• [DESCRIPTION OF THE TASK]:
Please give back the listing below word for word and drop any images.
*** Opening DATA ***
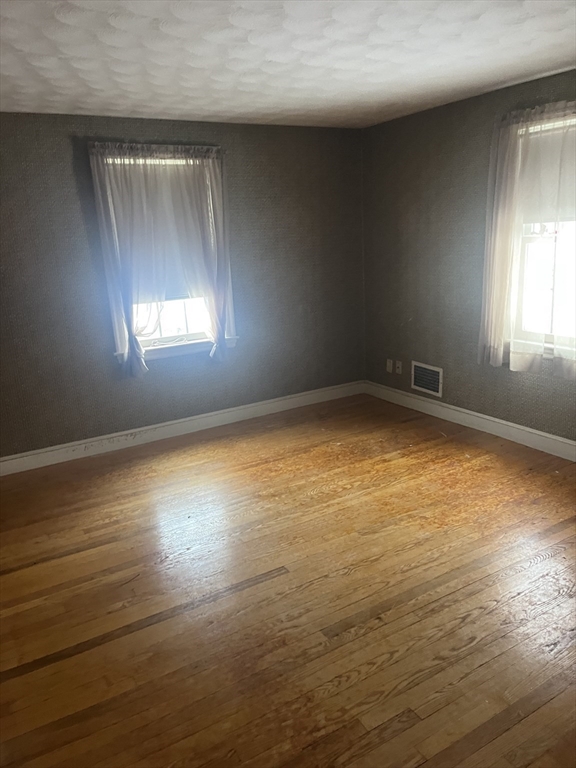 34 Plymouth Road Reading, MA 01867 - Photo 15 of 26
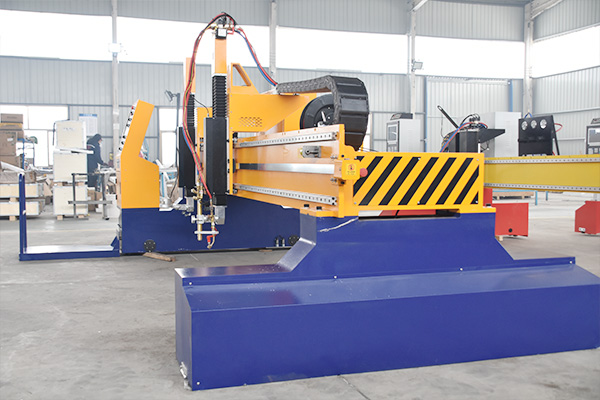 龍門(mén)式數(shù)控火焰切割機(jī)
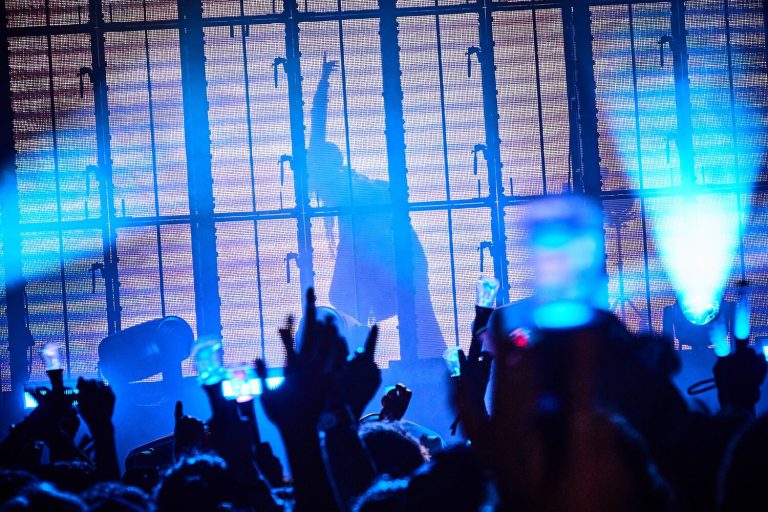 Ado dan YOASOBI Bikin Sejarah di Lollapalooza 2026: J-Pop Menguasai Chicago dengan Cara Paling Liar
*** Closing DATA ***
• [YOUR RESPONSE]:
 34 Plymouth Road Reading, MA 01867 - Photo 15 of 26
 龍門(mén)式數(shù)控火焰切割機(jī)
 Ado dan YOASOBI Bikin Sejarah di Lollapalooza 2026: J-Pop Menguasai Chicago dengan Cara Paling Liar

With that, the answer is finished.